Google's vision is broader than most people imagine, said Hölzle: "Most people say Google is a search engine but our mission is to organise information to make it accessible."
Behind that, he said, comes a vast scale of computing power based on cheap, no-name hardware that is prone to failure. There are hardware malfunctions not just once, but time and time again, many times a day.
Yes, that's right, Google is built on imperfect hardware. The magic is writing software that accepts that hardware will fail, and expeditiously deals with that reality, says Hölzle.
Google indexes over four billion Web pages, using an average of 10KB per page, which comes to about 40TB. Google is asked to search this data over 1,000 times every second of every day, and typically comes back with sub-second response rates. If anything goes wrong, said Hölzle, "you can't just switch the system off and switch it back on again."
The job is not helped by the nature of the Web. "In academia," said Hölzle, "the information retrieval field has been around for years, but that is for books in libraries. On the Web, content is not nicely written -- there are many different grades of quality."

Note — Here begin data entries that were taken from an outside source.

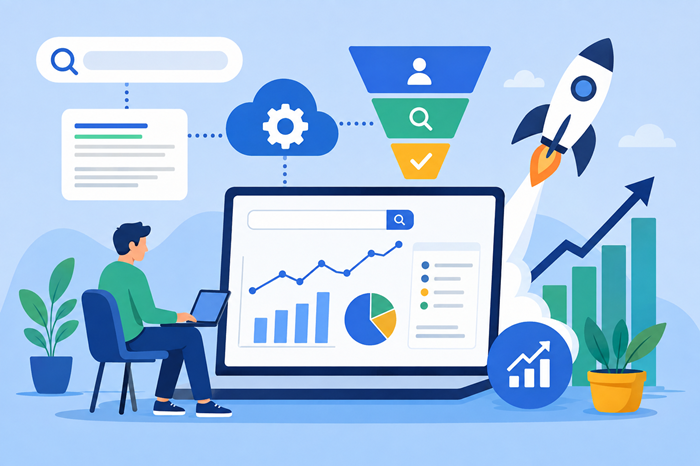 Why SEO Matters More Than Ever for SaaS Business Growth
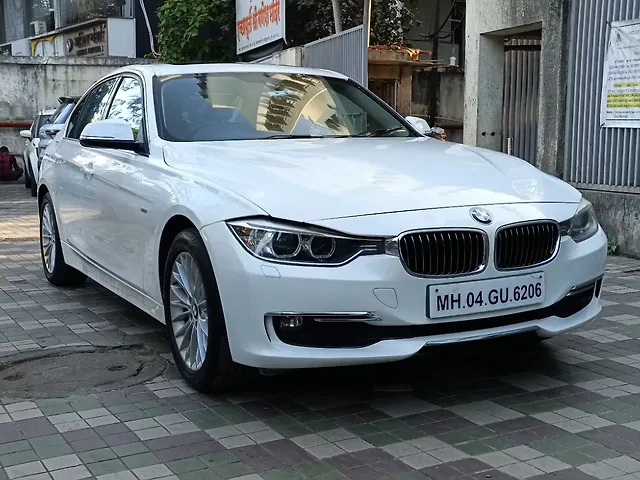 Used 2015 BMW 3-Series in Mumbai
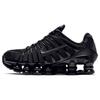 Shox TL Black 2019 Women Sneakers Metallic-Hematite Max-Orange AR3566-002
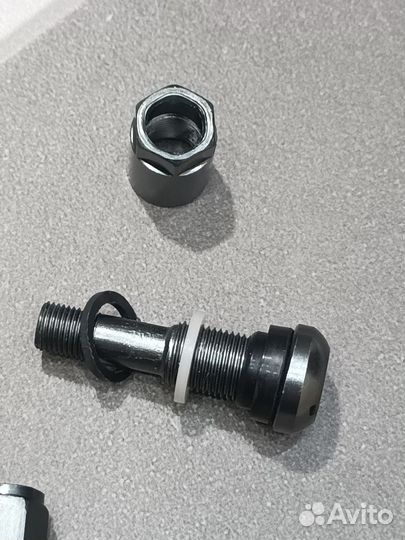 Вентиль колесный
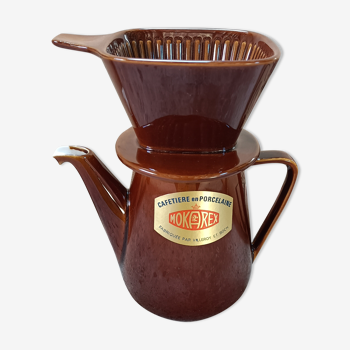 Mokarex coffee maker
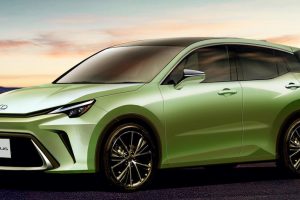 Lexus BX Compact SUV คันเล็ก ราคาประหยัด ก่อนเปิดตัวปีนี้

Some, he noted, may not even have text. "You may think we don't need to know about those but that’s not true -- it may be the home page of a very large company where the Webmaster decided to have everything graphical. The company name may not even appear on the page."

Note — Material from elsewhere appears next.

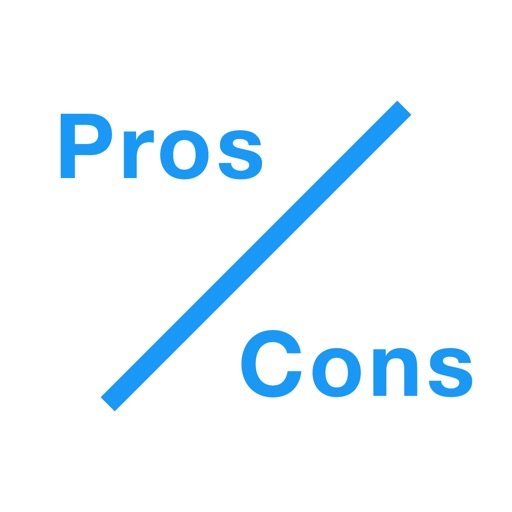 Pros and Cons Lite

Google deals with such pages by regarding the Web not as a collection of text documents, but a collection of linked text documents, with each link containing valuable information.
"Take a link pointing to the Stanford university home page," said Hölzle. "This tells us several things: First, that someone must think pointing to Stanford is important. The text in the link also gives us some idea of what is on the page being pointed to. And if we know something about the page that contains the link we can tell something about the quality of the page being linked to."

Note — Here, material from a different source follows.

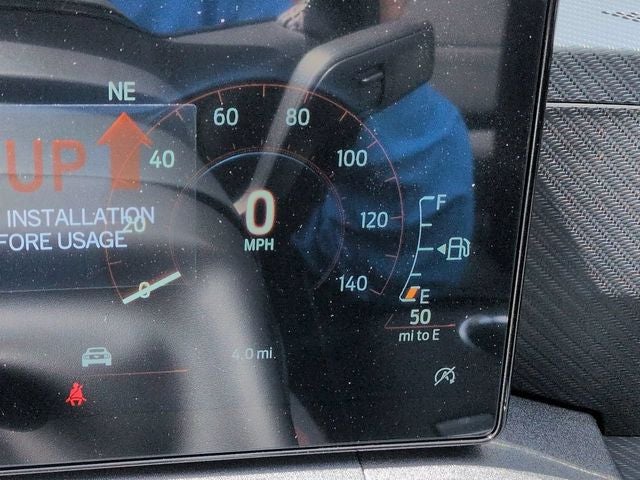 2026 Ford Mustang EcoBoost CC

This knowledge is encapsulated in Google's famous PageRank algorithm, which looks not just at the number of links to a page but at the quality or weight of those links, to help determine which page is most likely to be of use, and so which is presented at the top of the list when the search results are returned to the user. Hölzle believes the PageRank algorithm is 'relatively' spam resistant, and those interested in exactly how it works can find more information here.
Obviously it would be impractical to run the algorithm once every page for every query, so Google splits the problem down.
When a query comes in to the system it is sent off to index servers, which contain an index of the Web. This index is a mapping of each word to each page that contains that word. For instance, the word 'Imperial' will point to a list of documents containing that word, and similarly for 'College'. For a search on 'Imperial College' Google does a Boolean 'AND' operation on the two words to get a list of what Hölzle calls 'word pages'.
"We also consider additional data, such as where in the page does the word occur: in the title, the footnote, is it in bold or not, and so on.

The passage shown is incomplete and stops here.